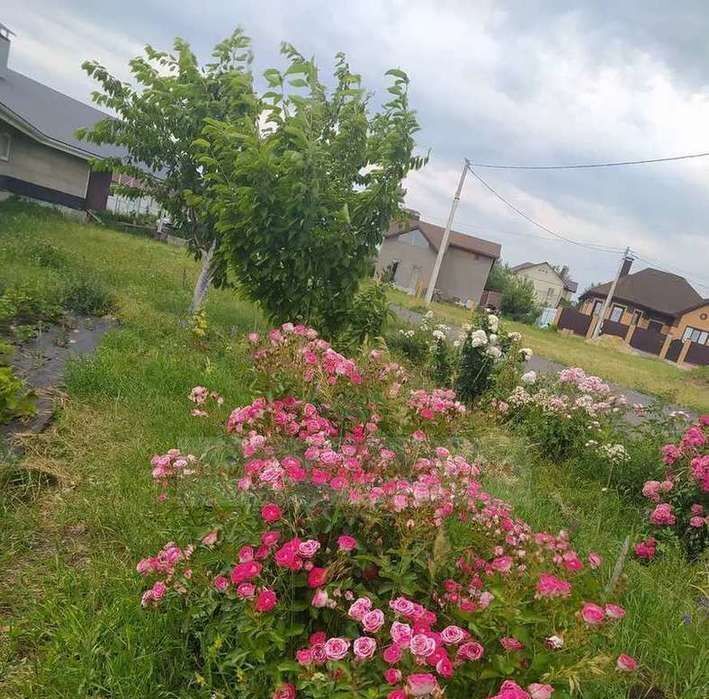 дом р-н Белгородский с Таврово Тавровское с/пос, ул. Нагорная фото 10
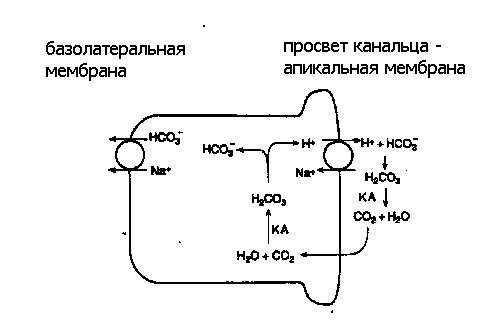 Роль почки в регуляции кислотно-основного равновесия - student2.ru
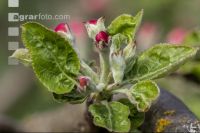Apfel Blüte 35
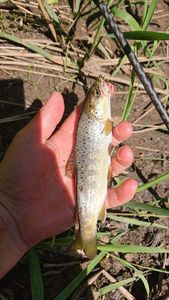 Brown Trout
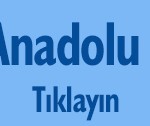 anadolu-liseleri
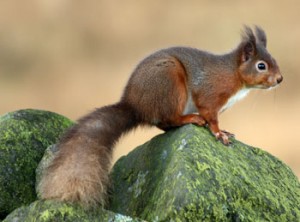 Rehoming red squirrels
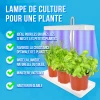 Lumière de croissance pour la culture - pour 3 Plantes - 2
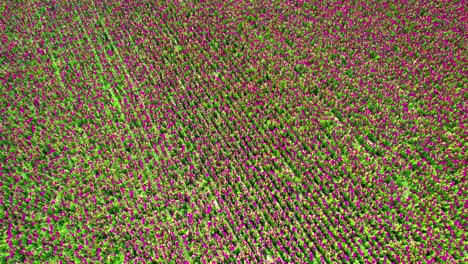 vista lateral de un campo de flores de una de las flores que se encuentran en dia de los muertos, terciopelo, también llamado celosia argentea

→ **Task prompt**: Restate the data word for word and exclude every picture.

→ **Answer to the problem**:
 дом р-н Белгородский с Таврово Тавровское с/пос, ул. Нагорная фото 10
 Роль почки в регуляции кислотно-основного равновесия - student2.ru
Apfel Blüte 35
 Brown Trout
 anadolu-liseleri
 Rehoming red squirrels
 Lumière de croissance pour la culture - pour 3 Plantes - 2
 vista lateral de un campo de flores de una de las flores que se encuentran en dia de los muertos, terciopelo, también llamado celosia argentea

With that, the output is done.